EXERCISE REQUIREMENTS: Your answer must be an exact transcription of the lines from the line with "Black and White" through the final line of the data.

SUPPLIED INFORMATION:
►

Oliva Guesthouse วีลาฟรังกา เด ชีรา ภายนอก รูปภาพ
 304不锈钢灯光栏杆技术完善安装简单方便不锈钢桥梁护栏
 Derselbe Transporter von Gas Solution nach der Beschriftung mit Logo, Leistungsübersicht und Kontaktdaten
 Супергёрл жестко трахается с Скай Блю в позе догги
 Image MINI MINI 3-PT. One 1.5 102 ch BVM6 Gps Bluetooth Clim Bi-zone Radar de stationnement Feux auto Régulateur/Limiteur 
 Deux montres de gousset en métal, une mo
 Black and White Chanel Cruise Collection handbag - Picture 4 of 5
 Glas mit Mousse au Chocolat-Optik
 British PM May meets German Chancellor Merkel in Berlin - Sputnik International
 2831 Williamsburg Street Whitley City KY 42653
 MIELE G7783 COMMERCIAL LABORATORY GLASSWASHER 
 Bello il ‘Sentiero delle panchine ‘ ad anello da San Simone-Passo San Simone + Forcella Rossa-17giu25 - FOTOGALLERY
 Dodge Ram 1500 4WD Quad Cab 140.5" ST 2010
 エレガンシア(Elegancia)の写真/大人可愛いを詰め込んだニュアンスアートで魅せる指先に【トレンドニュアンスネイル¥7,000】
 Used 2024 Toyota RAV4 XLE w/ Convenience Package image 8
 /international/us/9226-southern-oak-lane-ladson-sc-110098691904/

◄

REPLY:
 Black and White Chanel Cruise Collection handbag - Picture 4 of 5
 Glas mit Mousse au Chocolat-Optik
 British PM May meets German Chancellor Merkel in Berlin - Sputnik International
 2831 Williamsburg Street Whitley City KY 42653
 MIELE G7783 COMMERCIAL LABORATORY GLASSWASHER 
 Bello il ‘Sentiero delle panchine ‘ ad anello da San Simone-Passo San Simone + Forcella Rossa-17giu25 - FOTOGALLERY
 Dodge Ram 1500 4WD Quad Cab 140.5" ST 2010
 エレガンシア(Elegancia)の写真/大人可愛いを詰め込んだニュアンスアートで魅せる指先に【トレンドニュアンスネイル¥7,000】
 Used 2024 Toyota RAV4 XLE w/ Convenience Package image 8
 /international/us/9226-southern-oak-lane-ladson-sc-110098691904/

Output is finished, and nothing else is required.